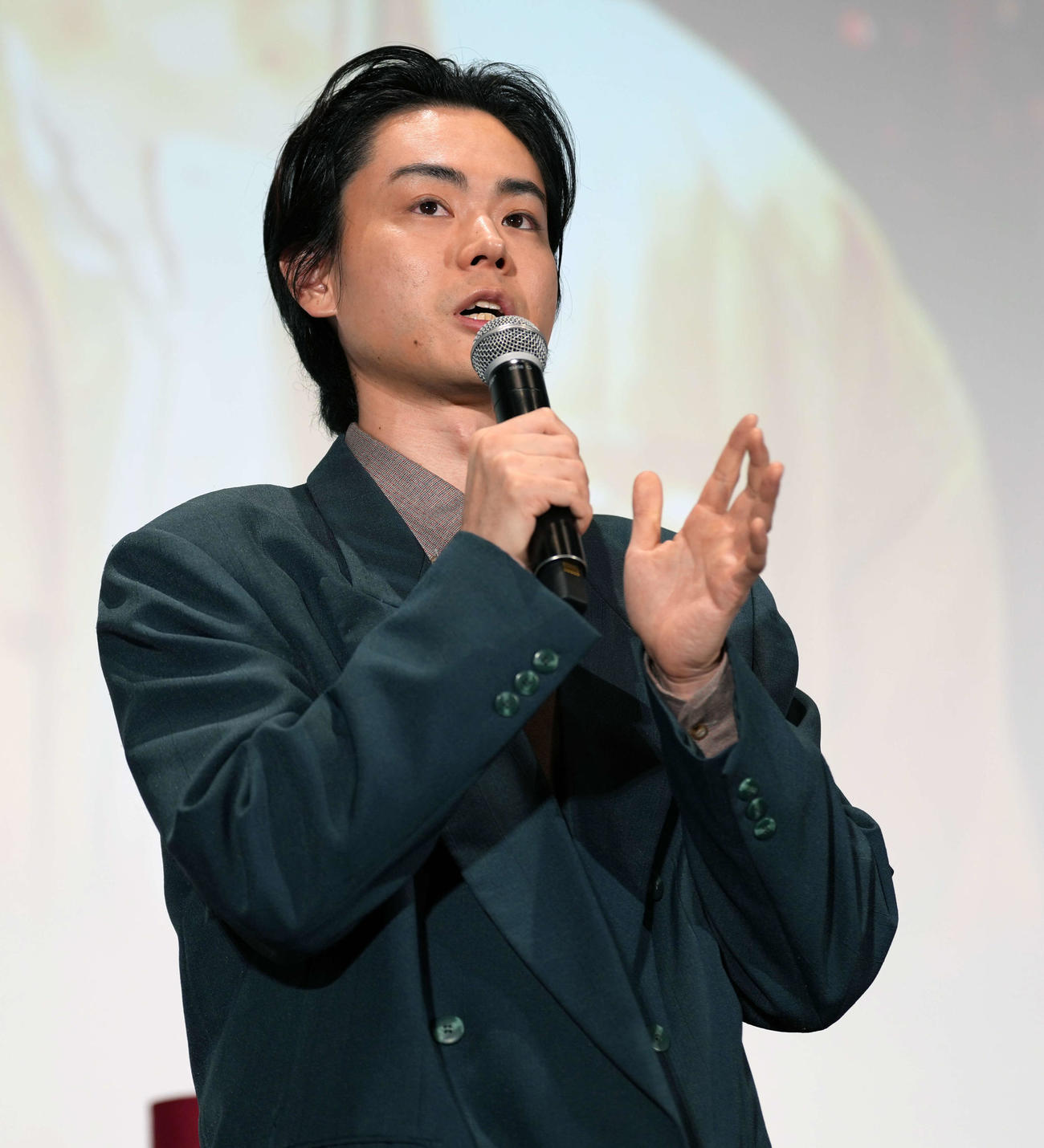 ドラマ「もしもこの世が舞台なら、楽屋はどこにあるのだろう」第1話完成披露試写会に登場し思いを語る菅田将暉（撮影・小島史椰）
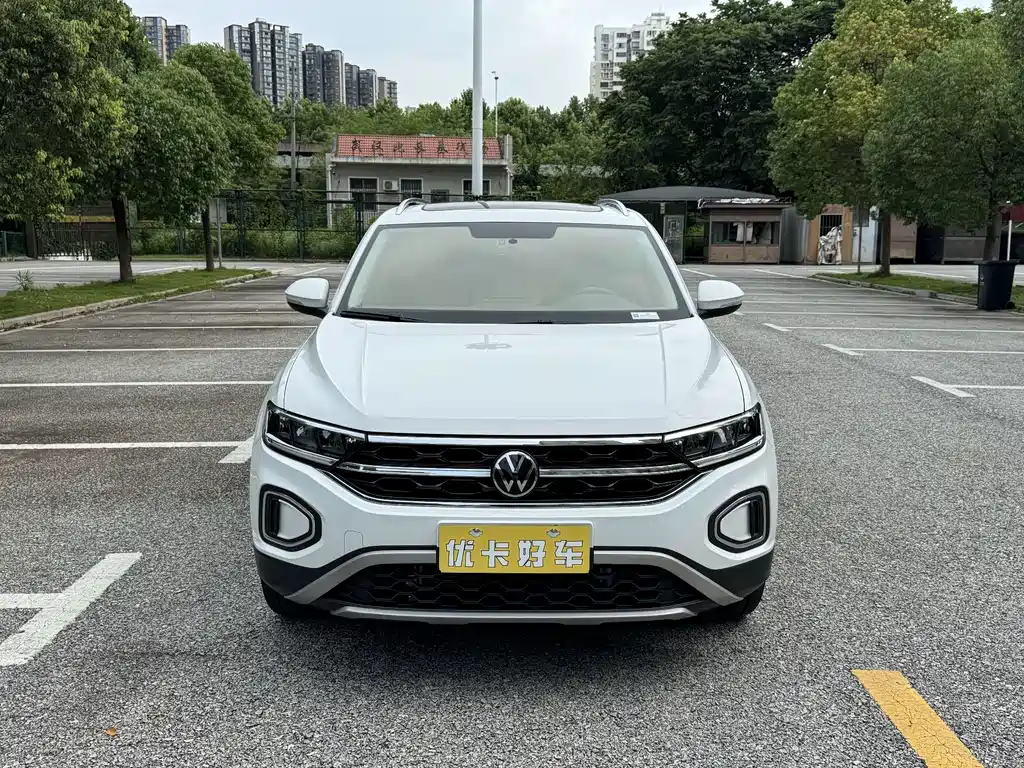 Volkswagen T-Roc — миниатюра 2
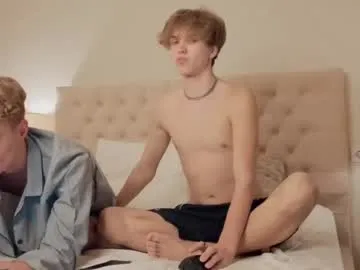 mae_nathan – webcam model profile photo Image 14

-*-*-

BRIEF — Please copy out the material above exactly, with the images removed.

COMPLETED TASK —
 ドラマ「もしもこの世が舞台なら、楽屋はどこにあるのだろう」第1話完成披露試写会に登場し思いを語る菅田将暉（撮影・小島史椰）
 Volkswagen T-Roc — миниатюра 2
 mae_nathan – webcam model profile photo Image 14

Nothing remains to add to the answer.